» **EXERCISE DETAILS**: Return exactly the line that contains "Creative Rainbow Colours Wipe Art Set" and all lines beneath it in the entries, through the very last one.

» **THE DATA**:
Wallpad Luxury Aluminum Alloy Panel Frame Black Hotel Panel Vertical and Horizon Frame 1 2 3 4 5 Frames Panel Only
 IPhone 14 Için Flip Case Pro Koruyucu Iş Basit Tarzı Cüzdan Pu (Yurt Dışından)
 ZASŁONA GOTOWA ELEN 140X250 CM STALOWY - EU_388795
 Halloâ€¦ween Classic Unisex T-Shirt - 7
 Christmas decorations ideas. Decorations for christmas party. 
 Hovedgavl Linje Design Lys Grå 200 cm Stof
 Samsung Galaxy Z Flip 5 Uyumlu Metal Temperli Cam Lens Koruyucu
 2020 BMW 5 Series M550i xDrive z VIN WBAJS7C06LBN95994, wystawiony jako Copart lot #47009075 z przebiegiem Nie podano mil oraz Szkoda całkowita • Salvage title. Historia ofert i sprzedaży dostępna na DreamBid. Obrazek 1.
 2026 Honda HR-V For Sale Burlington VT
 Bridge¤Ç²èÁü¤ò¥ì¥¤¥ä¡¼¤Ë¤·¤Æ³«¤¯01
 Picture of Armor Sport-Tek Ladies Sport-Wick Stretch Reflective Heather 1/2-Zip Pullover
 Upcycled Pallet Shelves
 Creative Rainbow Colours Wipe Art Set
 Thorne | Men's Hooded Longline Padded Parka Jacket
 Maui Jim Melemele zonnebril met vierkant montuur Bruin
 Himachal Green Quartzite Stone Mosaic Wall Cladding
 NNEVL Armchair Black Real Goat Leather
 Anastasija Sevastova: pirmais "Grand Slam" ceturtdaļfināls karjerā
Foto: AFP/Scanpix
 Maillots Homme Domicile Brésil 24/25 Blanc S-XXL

» **REPLY TO THE TASK**:
 Creative Rainbow Colours Wipe Art Set
 Thorne | Men's Hooded Longline Padded Parka Jacket
 Maui Jim Melemele zonnebril met vierkant montuur Bruin
 Himachal Green Quartzite Stone Mosaic Wall Cladding
 NNEVL Armchair Black Real Goat Leather
 Anastasija Sevastova: pirmais "Grand Slam" ceturtdaļfināls karjerā
Foto: AFP/Scanpix
 Maillots Homme Domicile Brésil 24/25 Blanc S-XXL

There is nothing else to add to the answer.